Secondly, there was this from the Constitution:

AMENDMENT XVI

Passed by Congress July 2, 1909. Ratified February 3, 1913.

The Congress shall have power to lay and collect taxes on incomes, from whatever sources derived, without apportionment among the several States, and without regard to any census or enumeration. The income tax is collected yearly on a percentage basis. The higher the earnings, the higher the percentage collected from them. This changes article 1 section 2.

So then, we have had a progressive income tax in America for many years. That's the way its been done for a couple of lifetimes. Considering that, this charge of socialism and the evils of wealth redistribution and revolutionary radicalism levied against now President Obama regarding his taxation plans doesn't rhave in teeth after all. Anybody that yet believes that President Obama is a total socialist/communist obviously has not really read the Communist Manifesto and does not really know what the definitions of socialism are. The best one can come up with is a few quotes by Karl Marx that seem to parallel some quotes by President Obama.
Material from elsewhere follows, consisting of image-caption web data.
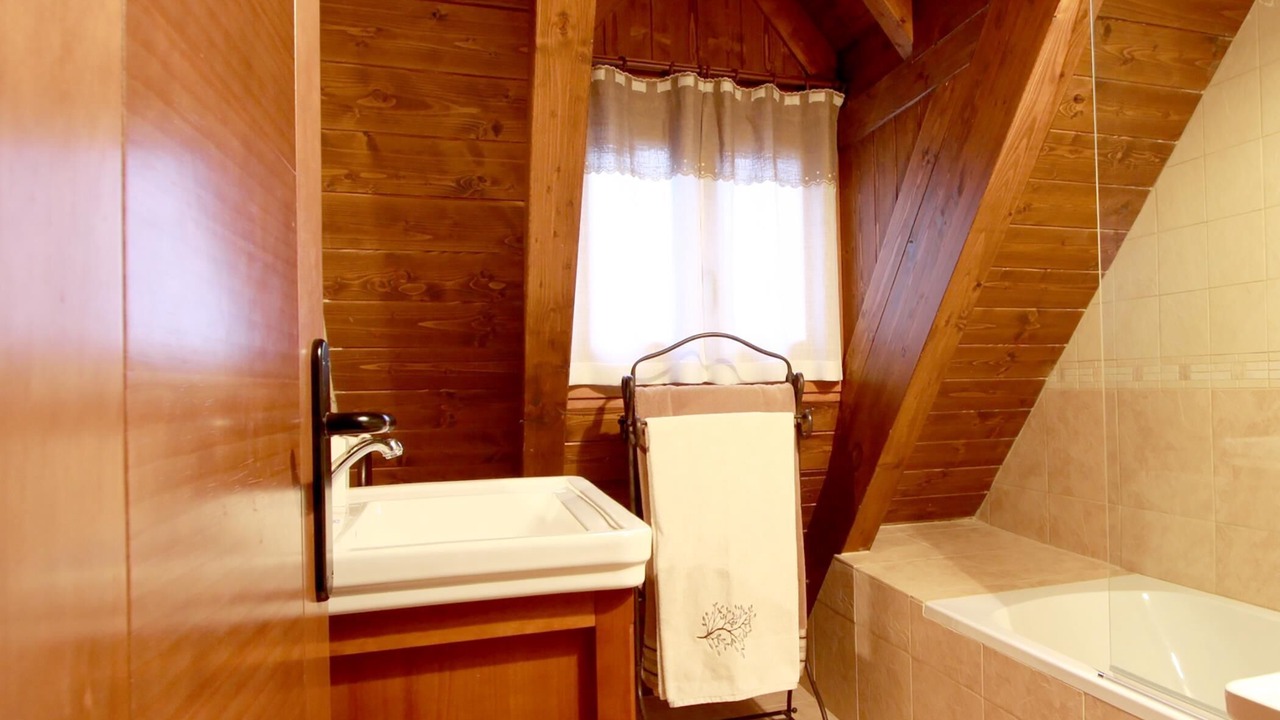 Photo of Bathroom in Escarrilla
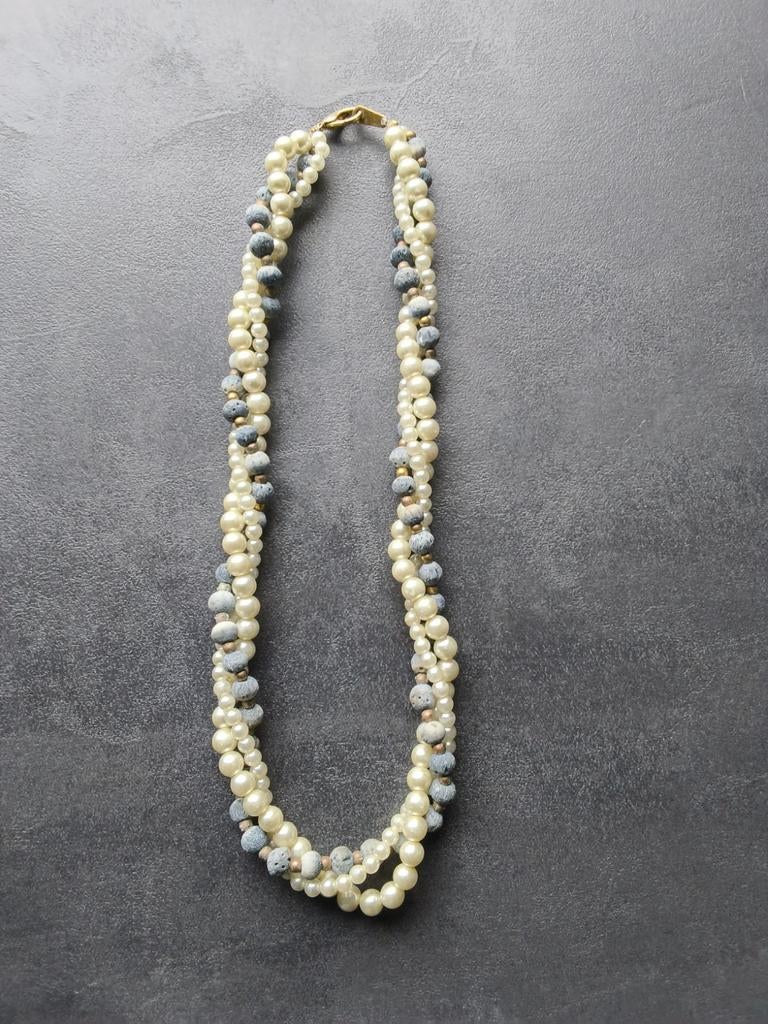 1 collier ancien en perles, Enlèvement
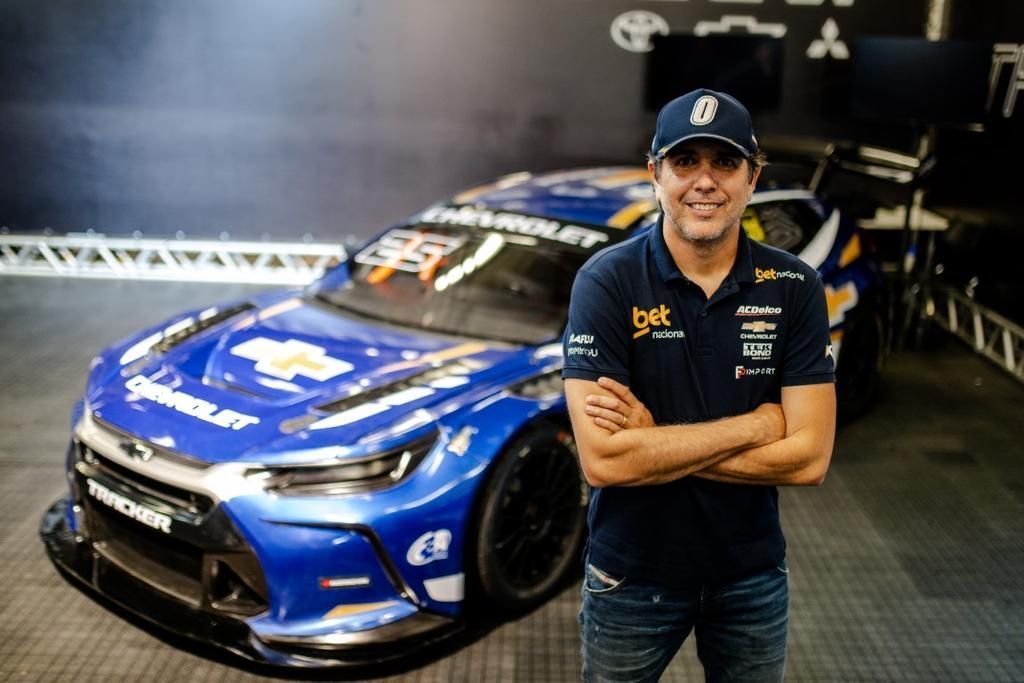 Cacá Bueno, pentacampeão da Stock Car, anuncia novidade para temporada 2025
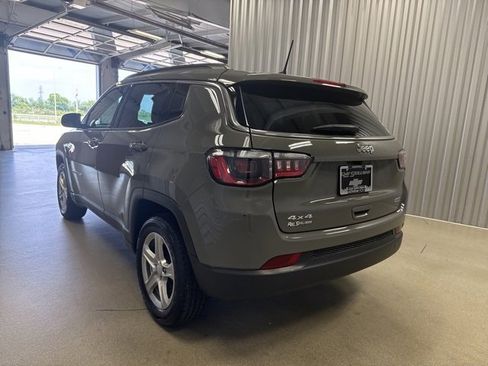 Used 2024 Jeep Compass Latitude image 6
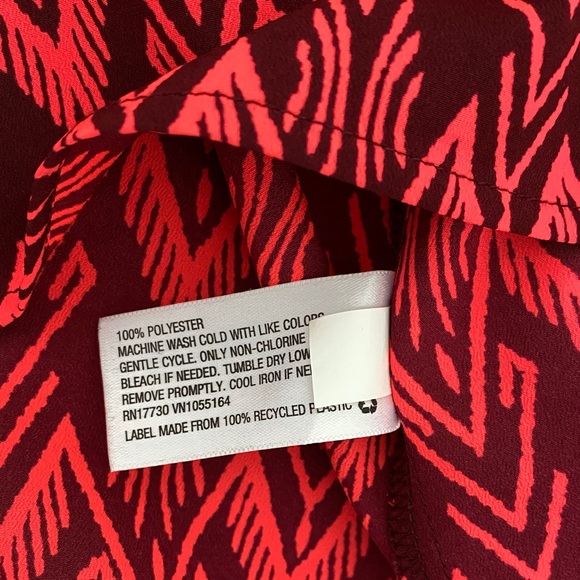 Women's Patterned Top - Picture 4 of 4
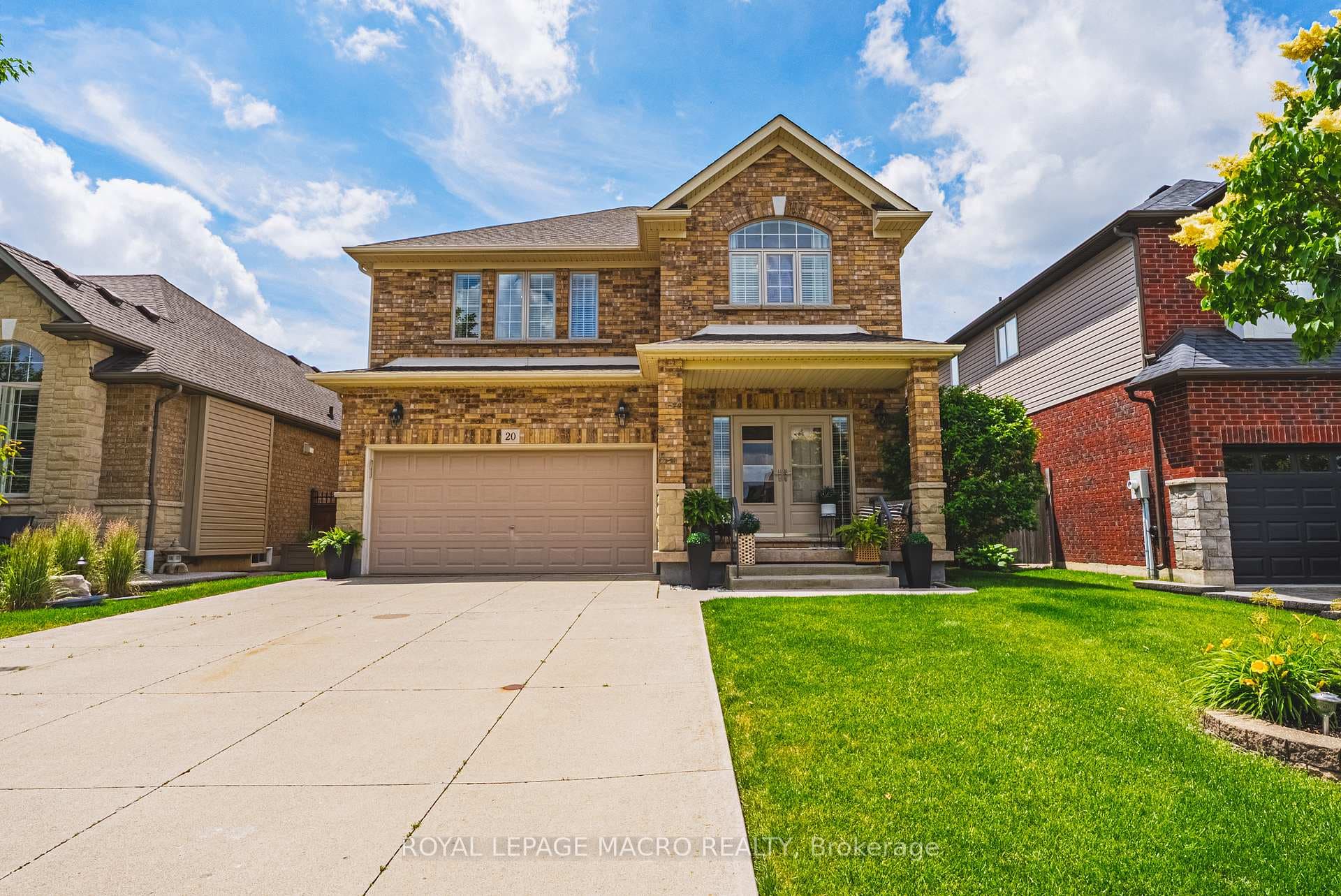 20 Degrow Crescent
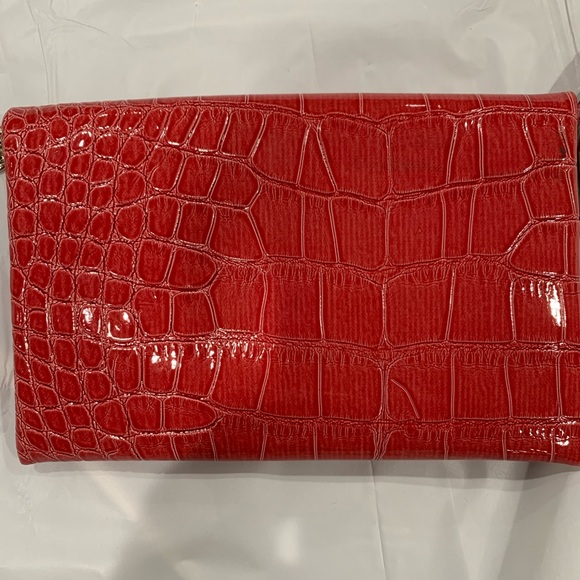 ☀️ CLEARANCE: Guess Lulin wristlet - Picture 7 of 8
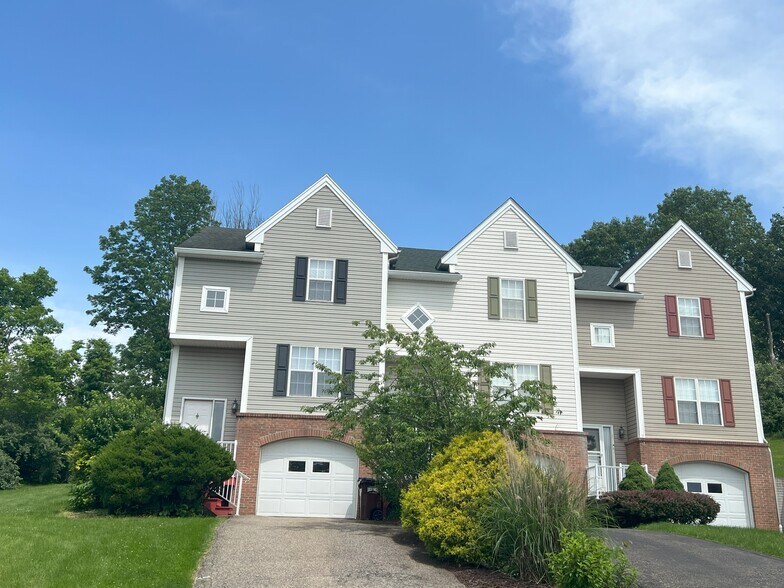 Sunny Day - 44 Westfield Pl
I can produce quotes from any American leader in the last 200 plus years that parallel ideas by many other notorious dictators from Saddam to Stalin to Hitler. So what? Such comparisons are usually just political gamesmanship or shortcuts to actual analysis.

I have discovered in my own studies and research that President Obama is not a socialist if you ask a socialist; Greg Pason, National Secretary of the Socialist Party USA and David Schaich, Socialist Party Campaign Clearinghouse Coordinator both say he's ...definitely not. Schaich says: “The idea that Barack Obama is socialist, or quasi-socialist, or semi-socialist, or socialist-light, or anything of the sort, is far-right nonsense. Barack Obama, like John McCain, is very much a ‘politician as usual,’fully committed to the continuation of the capitalist system and the expansion of its empire.” A socialist agenda (even a reformist one) would not prop up capitalism and capitalist economies or companies when they fail, but rather sieze upon the opportunity to radically transform the economy. None of President Obama's proposals or programs offer any perceptible threat to capitalism. These quotes and many others were easily found in cursory research of the actual question of whether president Obama is a socialist- rather than a blind acceptance of the precept that he is or a search for evidence to prove a pre determined premise.

I will also say that it is kind of hollow to be complaining about socialism and/or communism or using words like "liberal", "socialist" or "communist" as perjoratives when our homes and store shelves are jampacked with goods made in COMMUNIST China and nearly every dollar we spend at places like Wal-Mart fattens up China with its terrible human rights record and its RED, NUCLEAR CAPABLE ARMY. Unless you do not buy, sell, trade, consume or own anything from China you simply cannot gripe about socialism and/or communism without being a hypocrite.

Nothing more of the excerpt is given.